With that said, Tegra3 is only on par (and that's being generous) with the Adreno 225 when you look at other benchmarks. If you compare the HTC One X Tegra3 and Snapdragon S4 versions, you'll see that very easily.


With that said, the results for the Physics test looks like not all the cores were engaged properly. I'm starting to think this is a 3DMark bug because Anand's GS3 clearly only engaged one of its two cores as well.
 
I don't understand how the nexus 7 rates so bad compared to the competition.

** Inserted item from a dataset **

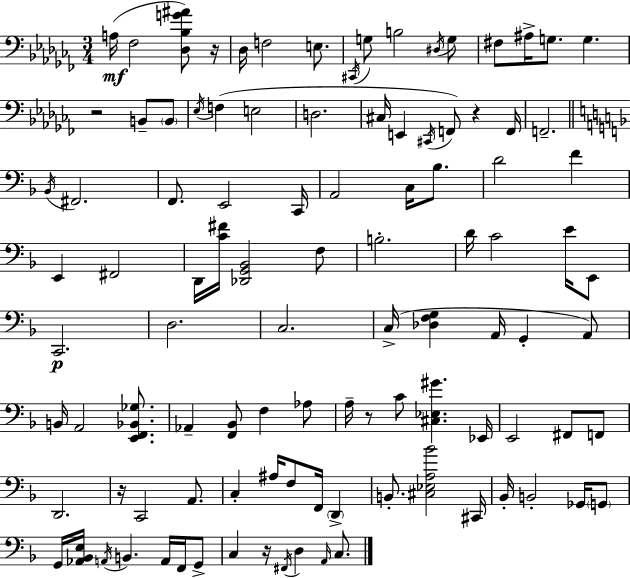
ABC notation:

Tegra 3 is slow, it is only used because it is cheap. And the N7 in particular uses the cheapest, slowest of the Tegra 3 lineup - the T30L. The other Tegra 3 models, the T30 and T33, have a 25% faster GPU clock than the T30L.

With that said, the results for the Physics test looks like not all the cores were engaged properly. I'm starting to think this is a 3DMark bug because Anand's GS3 clearly only engaged one of its two cores as well.

Why do you think that's a bug? Sounds like they are using N-1 cores for physics, which is what you'd expect. One core for the rendering and UI work, the rest for physics.
 
Because almost every other phone with the same hardware gets exactly double the score. The One X (ATT), the Razr HD, etc.

The GS3 (ATT) is simply scoring too low for whatever reason.
 
hmm 283mb app, i guess it has to be with all of the video it uses for the stress test but kinda threw me off at first.
 
10010 for my XZ. Probably be able to top the GS4 once Sony releases 4.2 JB update.